Find the line below with "Building Photo - 28 W Esther St". Print it and every line after it exactly, through the last line, leaving out the pictures.

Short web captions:
************

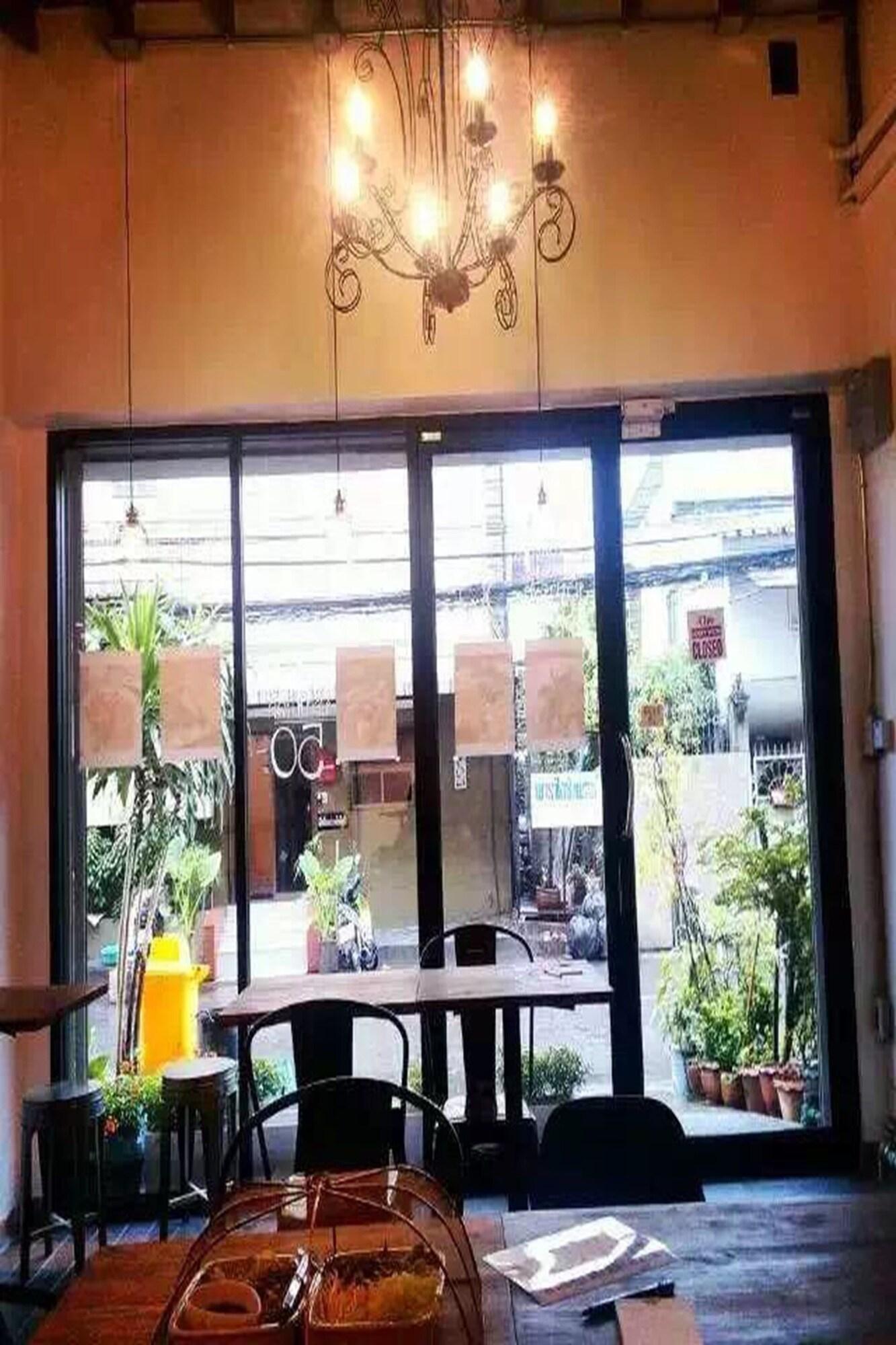 42 Guesthouse
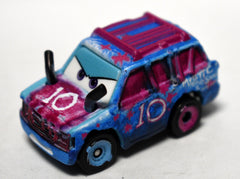 Disney Cars - HO Scale - Blind Spot - Demolition Derby Station Wagon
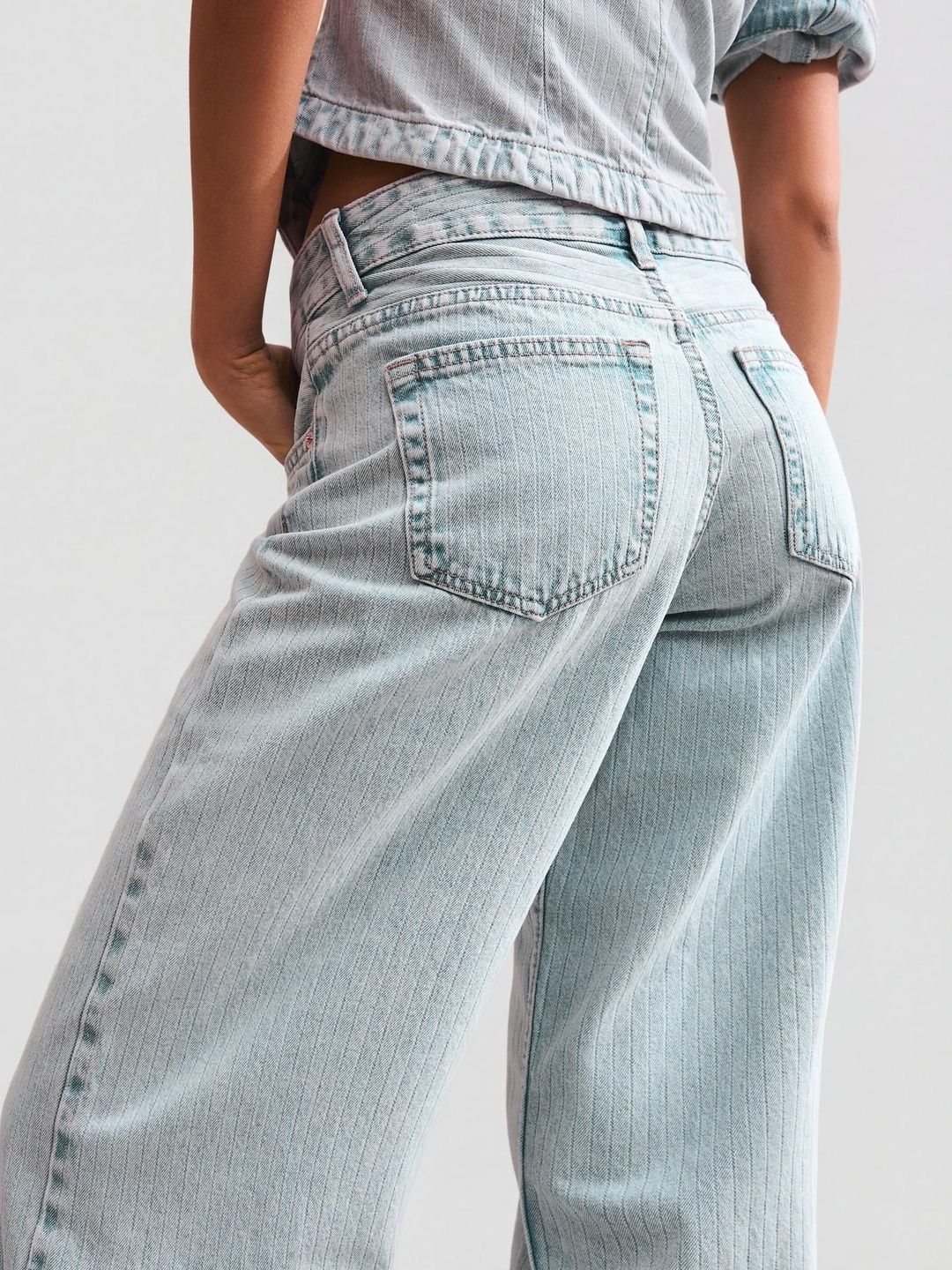 Low-rise Pure Cotton Wide-leg Jeans With Turn-up Hem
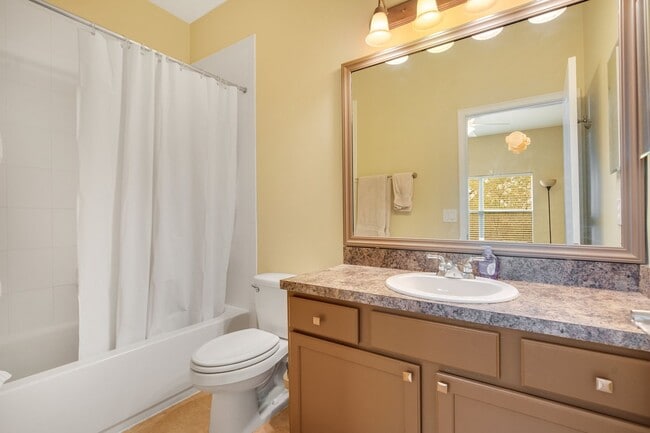 Building Photo - 28 W Esther St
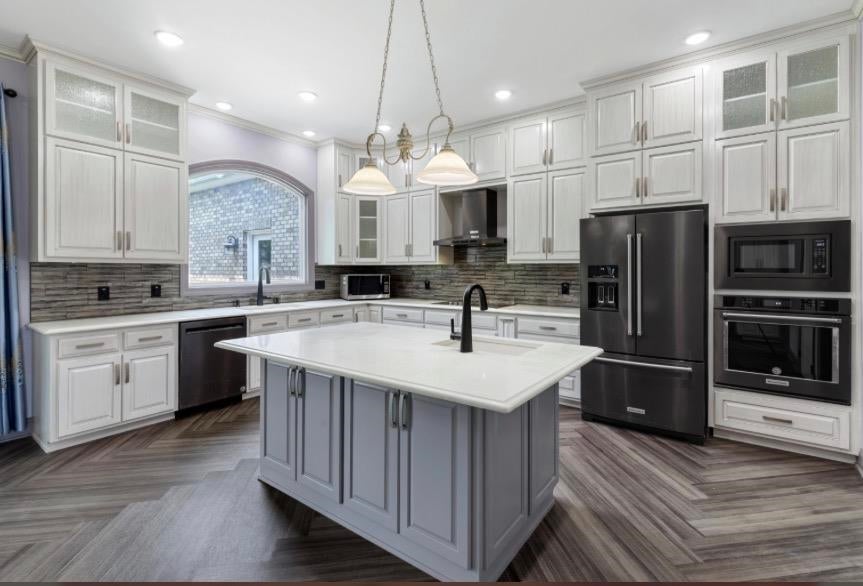 2075 Brooksfield Rd, Blacksburg, VA, 24060, USA, 5 Bedrooms Bedrooms, ,5 BathroomsBathrooms,Residential,Active,2075 Brooksfield Rd,428189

************

**Output of the exercise:**
 Building Photo - 28 W Esther St
 2075 Brooksfield Rd, Blacksburg, VA, 24060, USA, 5 Bedrooms Bedrooms, ,5 BathroomsBathrooms,Residential,Active,2075 Brooksfield Rd,428189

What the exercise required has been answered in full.